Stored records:
═══
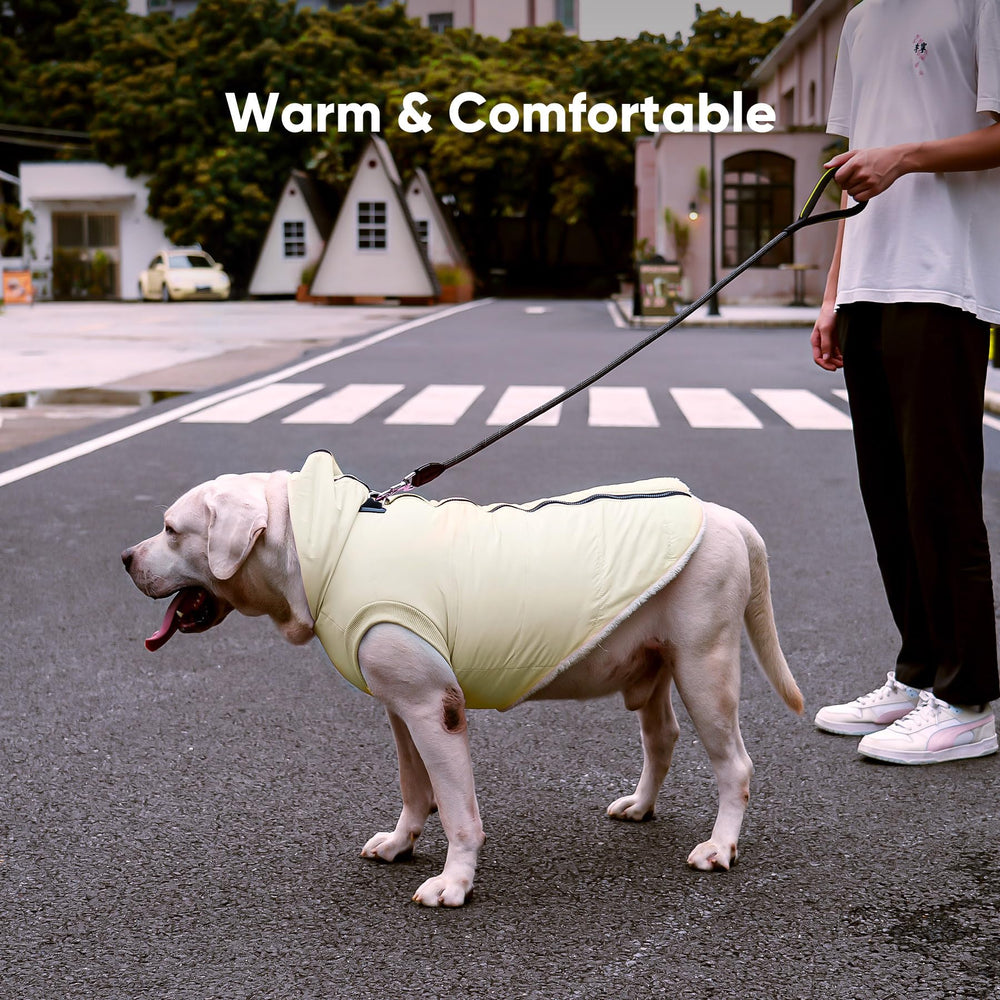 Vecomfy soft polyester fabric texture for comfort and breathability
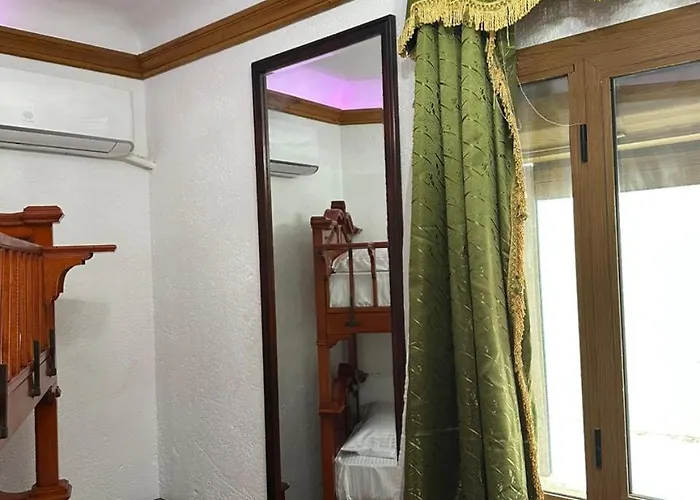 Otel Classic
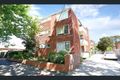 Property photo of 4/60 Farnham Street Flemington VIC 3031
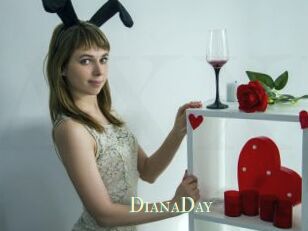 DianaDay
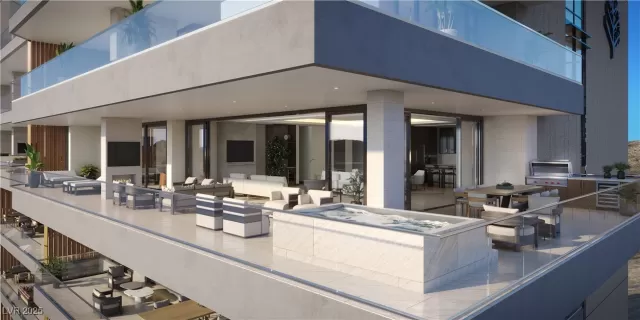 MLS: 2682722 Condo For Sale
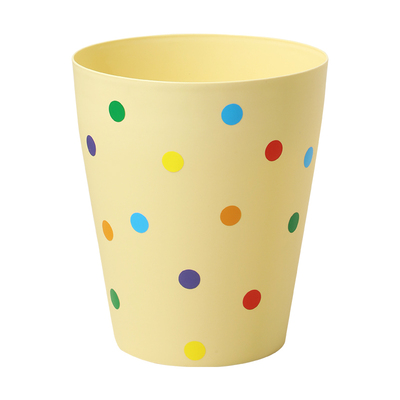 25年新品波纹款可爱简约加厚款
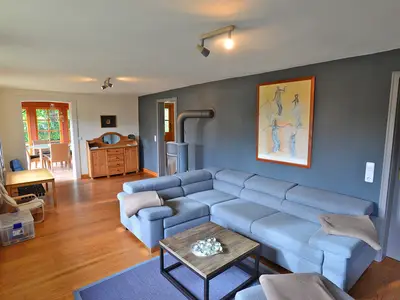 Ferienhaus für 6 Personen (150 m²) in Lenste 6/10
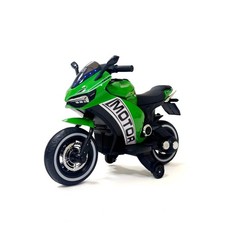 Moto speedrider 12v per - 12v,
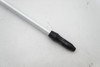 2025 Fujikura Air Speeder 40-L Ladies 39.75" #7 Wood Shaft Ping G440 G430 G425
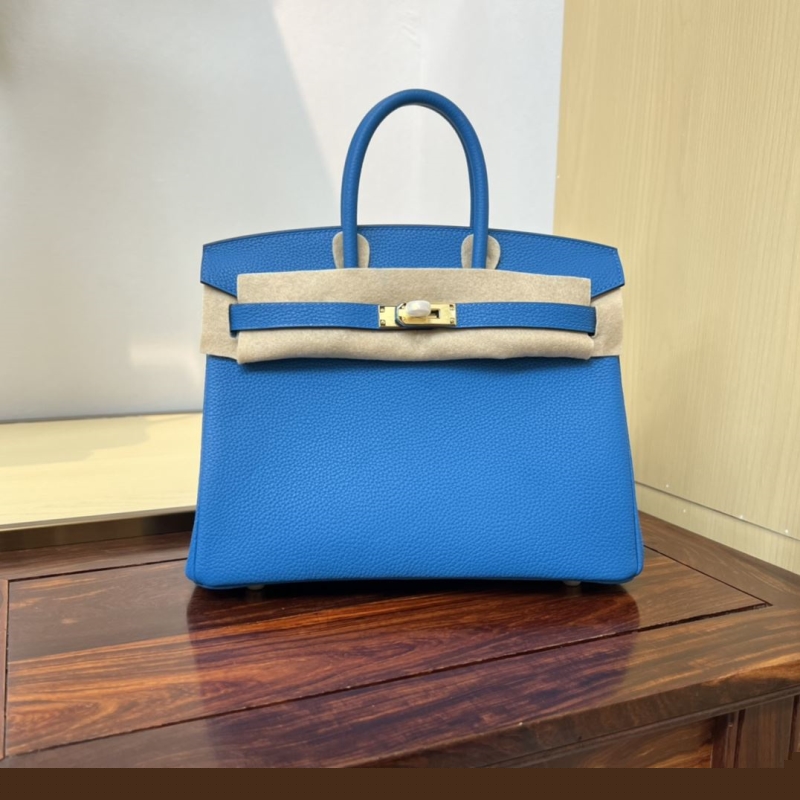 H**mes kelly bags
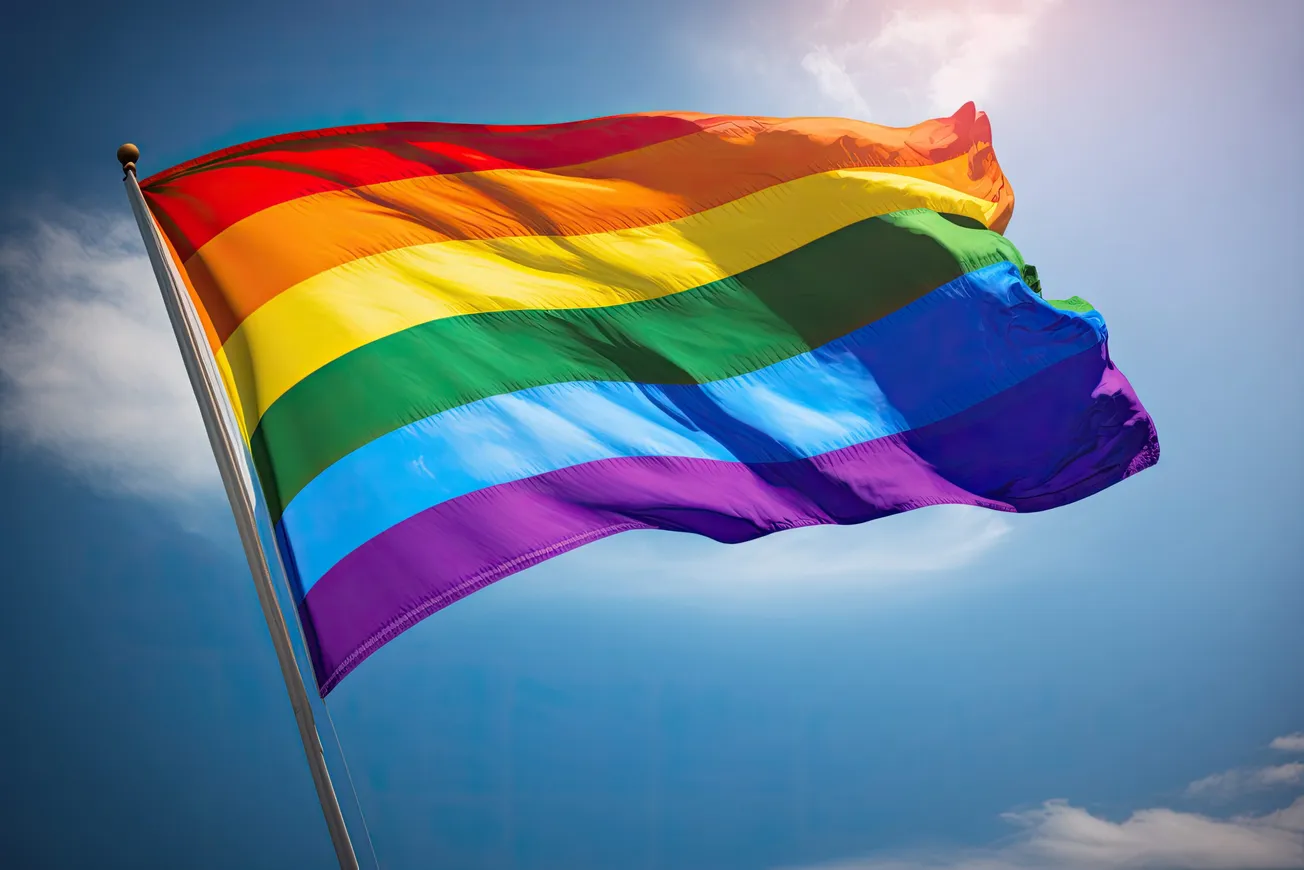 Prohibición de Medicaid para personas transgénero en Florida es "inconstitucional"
═══
Exercise: Going through the records above line by line, transcribe each one exactly and skip any pictures.

Exercise response:
 Vecomfy soft polyester fabric texture for comfort and breathability
 Otel Classic
 Property photo of 4/60 Farnham Street Flemington VIC 3031
 DianaDay
 MLS: 2682722 Condo For Sale
 25年新品波纹款可爱简约加厚款
 Ferienhaus für 6 Personen (150 m²) in Lenste 6/10
 Moto speedrider 12v per - 12v,
 2025 Fujikura Air Speeder 40-L Ladies 39.75" #7 Wood Shaft Ping G440 G430 G425
 H**mes kelly bags
 Prohibición de Medicaid para personas transgénero en Florida es "inconstitucional"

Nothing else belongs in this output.